OPINION> Dylan Quinnell
Credit where credit is due
By Dylan Quinnell (chinadaily.com.cn)
Updated: 2008-08-23 14:56


A medal tally by Washingtonpost.com

 
A medal tally by China's Xinhua News Agency


Now that the Games are nearly over, the question is who is on top? When I checked NBC I found USA securely on top with 103 medals, with China a few medals behind on 89. No, wait a minute I just heard that a report on New Zealand radio put Australia firmly on top with New Zealand a distant second. Hang on, what about this China Daily report that shows China untouchable in the number one spot with 47 golds, while the US trail behind on only 31?


The gold medal for the Games of the 29th Olympiad. [Agencies]


The saga of how to read the medal tally has been one of the more amusing issues to come out of the Olympics. If you look at any international media, apart from most of the American media, they used the accepted system of ranking teams according to the number of golds they have won.


However, when I was watching CNN one day I got really confused when suddenly America was on top, until I realised that they were going on the total number of medals irrespective of their colour. I had to laugh. If believing they are first motivates the American athletes then I guess they can do what they want, who cares what the world thinks.

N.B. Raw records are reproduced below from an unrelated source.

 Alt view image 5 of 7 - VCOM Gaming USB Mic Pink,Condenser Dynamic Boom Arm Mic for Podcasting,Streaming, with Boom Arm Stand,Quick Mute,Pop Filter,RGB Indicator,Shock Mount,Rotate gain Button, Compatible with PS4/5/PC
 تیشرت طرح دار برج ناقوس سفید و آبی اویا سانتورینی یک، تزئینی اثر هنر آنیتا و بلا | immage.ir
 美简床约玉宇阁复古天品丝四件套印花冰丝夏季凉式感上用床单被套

Let me just caution you that the American people as not as stupid as some of their press would lead you to believe. I have had a lot of Americans roll their eyes as they tell me how stupid their press are to think anybody is fooled by their home-grown medal tally.

Then the Australians decided to get in on the act. The presenter of an Australian breakfast show, Mark Berretta, came up with a medal tally ranked by the total number of medals won per head of capita. As Australia has a small population, compared to most countries, of about 20 million but has also won a lot of medals, this put them firmly in number one. Think of our joy in New Zealand when that same system saw New Zealand in second, due to our tiny population of only 4 million.

This was all meant as a joke but most of the world misunderstood our isolated and sarcastic South-Pacific-sense-of-humour and next minute Chinese news reports were also ridiculing the Australian system.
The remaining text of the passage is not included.